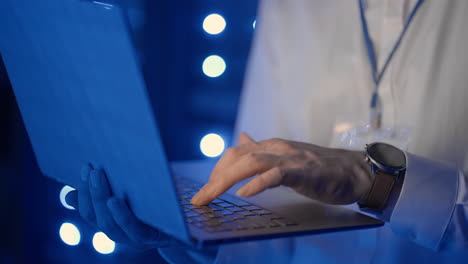 Male-network-engineer-doing-a-system-check-standing-in-the-server-room-with-his-laptop.-At-data-center-men-server-specialists-inspecting-working-system-and-hardware-of-rack-server-computer-cabinets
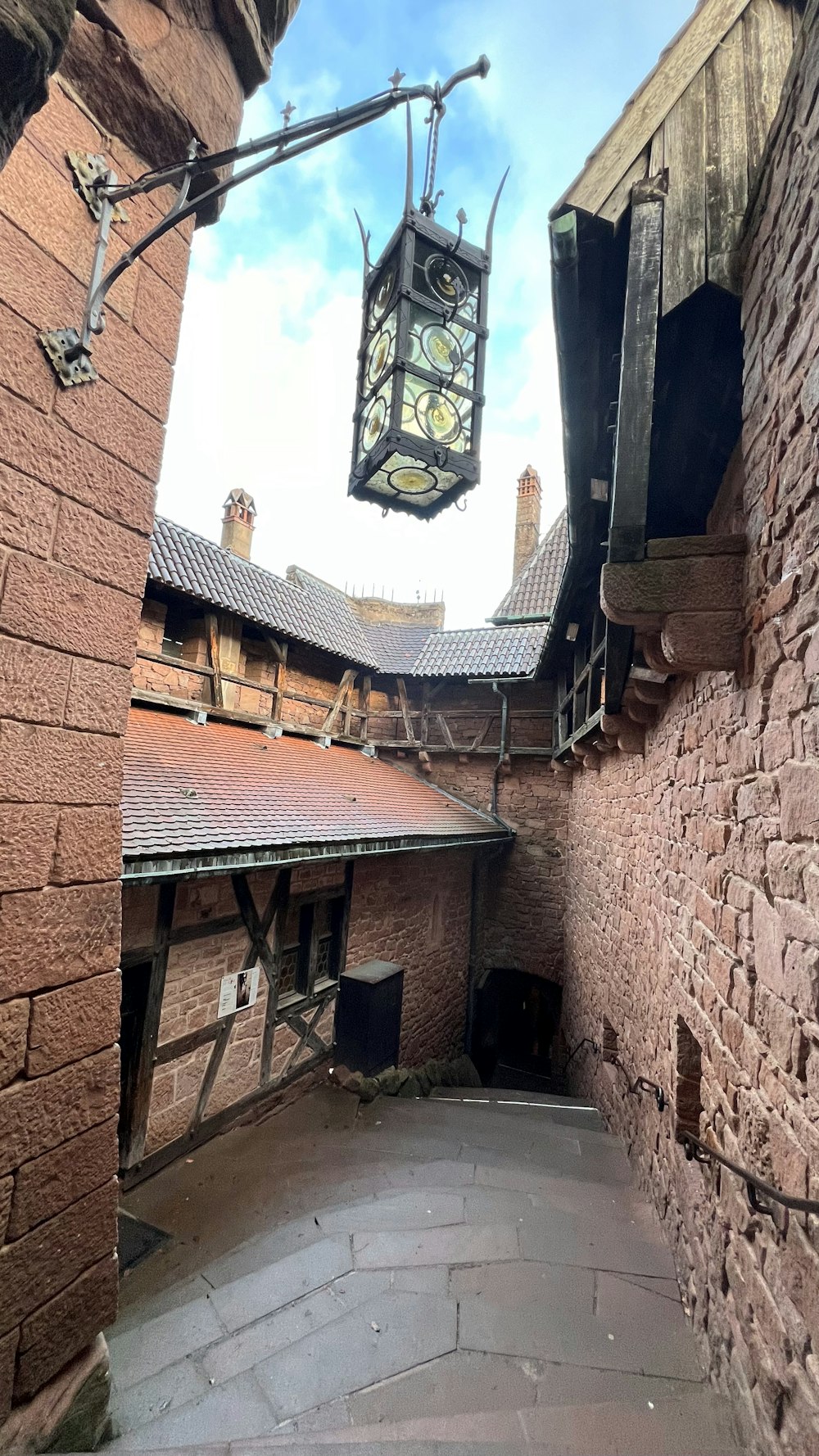 a clock hanging from the side of a brick building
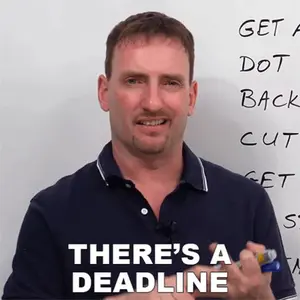 A Man Says There 'S A Deadline While Writing On A Whiteboard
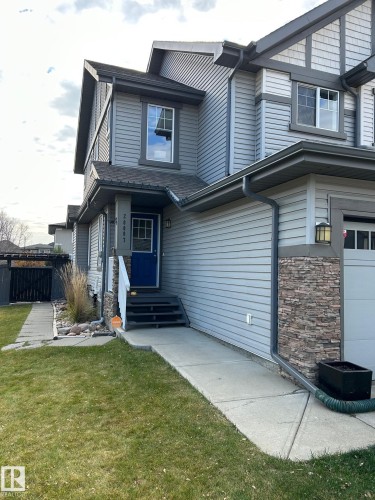 Multi-level dwelling with shingle roofing, horizontal siding, and stone veneer accents - 20007 131 Avenue Nw, Edmonton, AB 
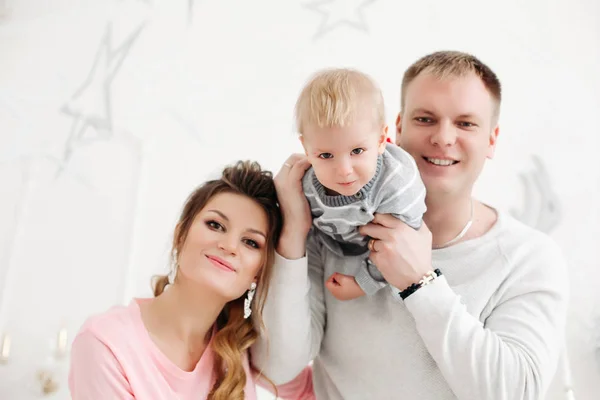 Pareja con hijo pequeño de pie y posando en el estudio de Navidad —  Fotos de Stock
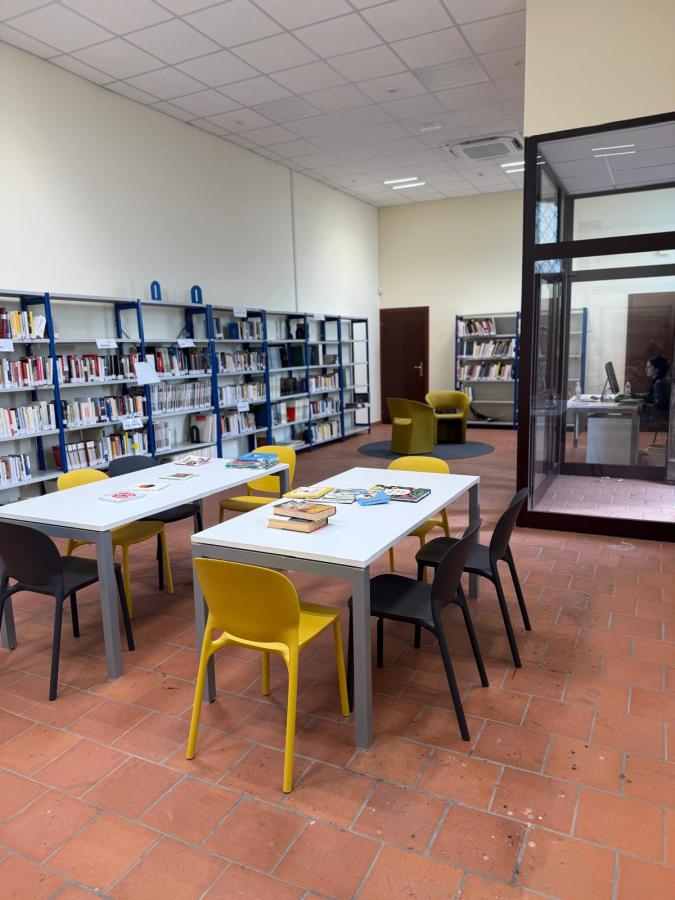 Interior of a library featuring bookshelves filled with books, tables with chairs in yellow and black, and a study area in the background.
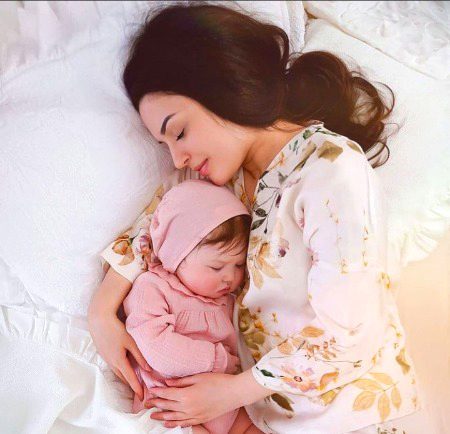 The best place to sleep on is a mom's arms🤍🧡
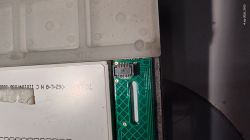 Close-up of flexible ribbon cable connector on a green printed circuit board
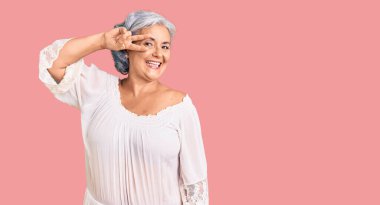 Gri saçlı, bohem tarzı giyinen, barış sembolü takan, yüzünde parmakları olan, gülümseyen, zaferi gösteren son sınıf öğrencisi bir kadın. 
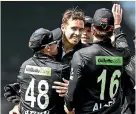  ?? ?? Tim Southee, centre, celebrates a wicket last night.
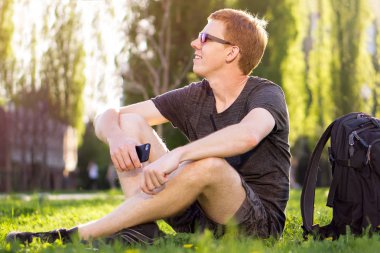 güneş ışığı altında çimlerde oturan adam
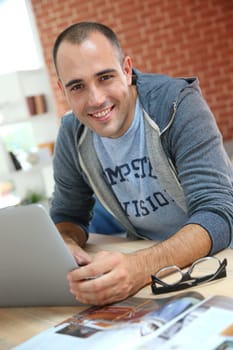 Smiling man at home websurfing on net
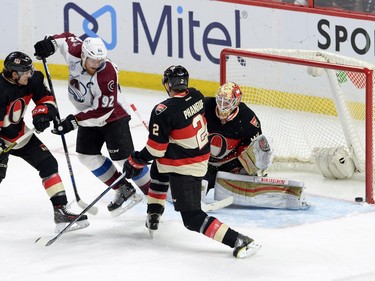 Ottawa Senators' Cody Ceci (5) and Dion Phaneuf (2) defend against Colorado Avalanche's Gabriel Landeskog (92) as a shot goes off the goal post beside Senators goalie Andrew Hammond during first period NHL action.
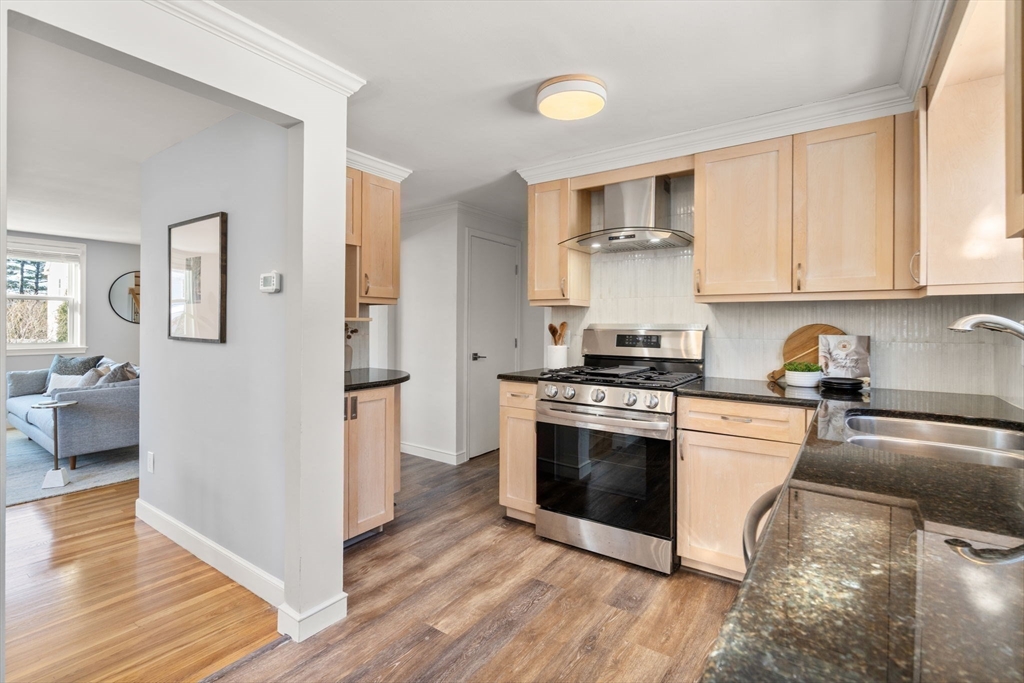 266 Hunnewell Street, Unit 266 Needham, MA 02494 - Photo 9 of 39 a kitchen with stainless steel appliances granite countertop a stove and a refrigerator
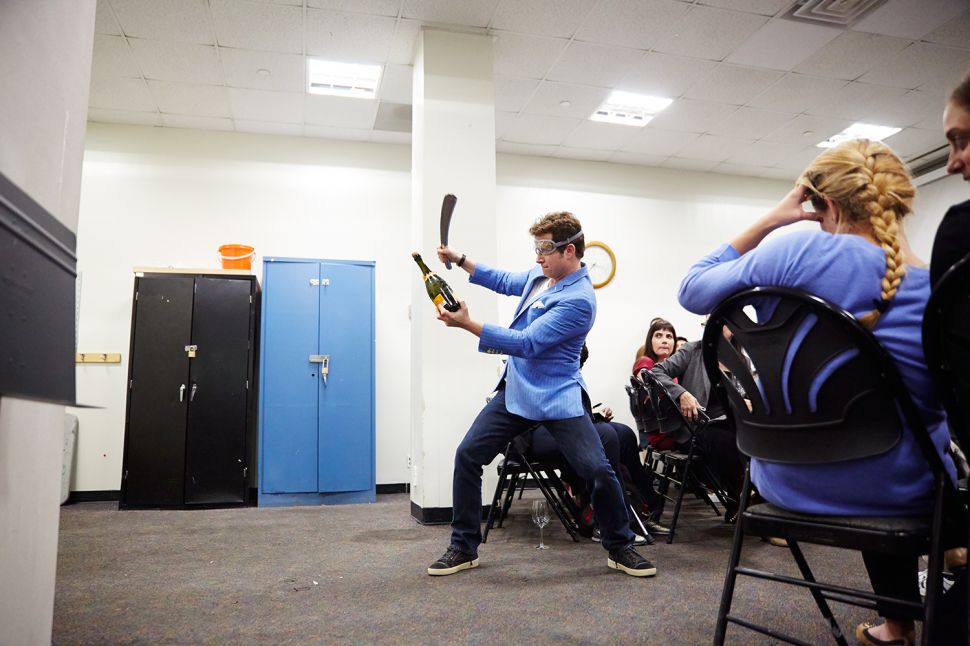 Mark Oldman gets ready to decapitate a a bottle during his "How to Drink Like a Billionaire" wine-tasting class at the 92nd St. Y.
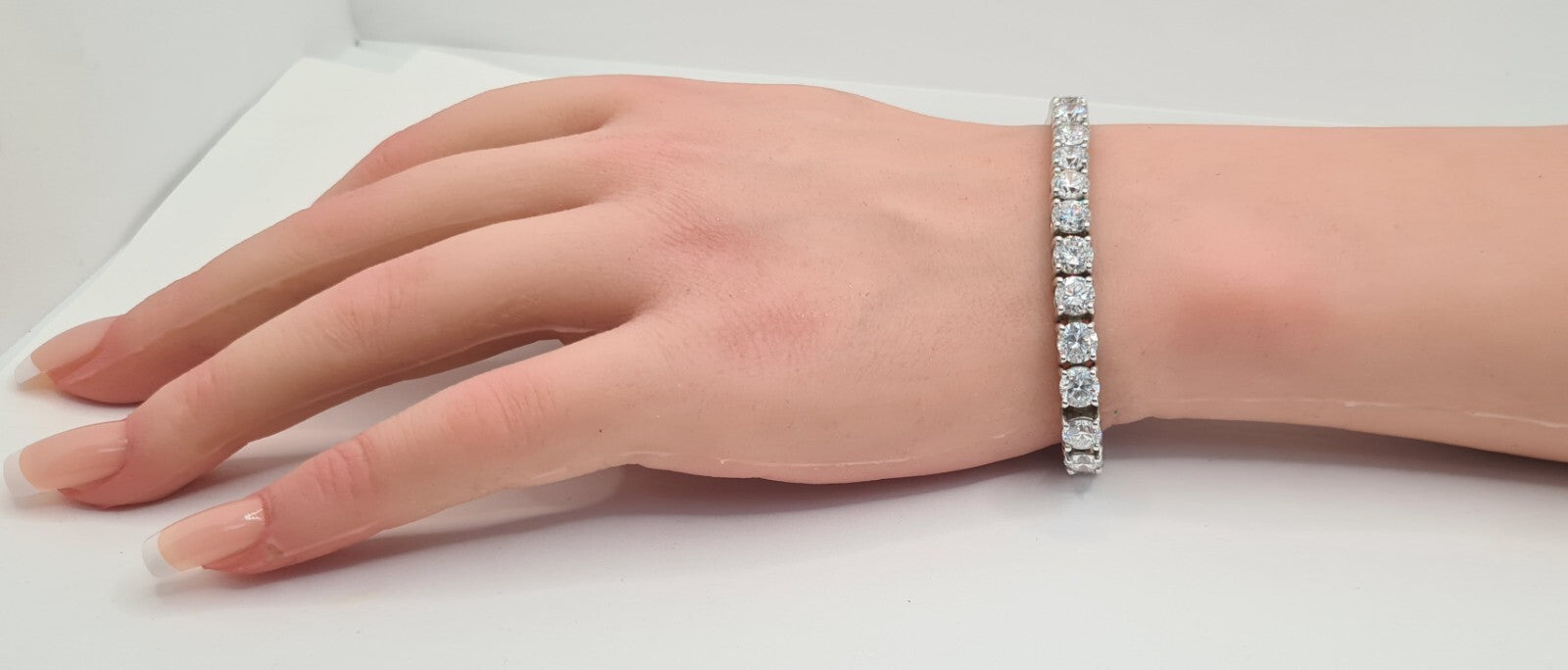 14 carat lab grown diamond tennis bracelet shown on the hand and wrist, 14K white gold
......
Task brief = Nothing but the lines from the one containing "Mark Oldman gets" through the end of the entries is to be retyped, exactly as written and without pictures.

Solution to this task =
 Mark Oldman gets ready to decapitate a a bottle during his "How to Drink Like a Billionaire" wine-tasting class at the 92nd St. Y.
 14 carat lab grown diamond tennis bracelet shown on the hand and wrist, 14K white gold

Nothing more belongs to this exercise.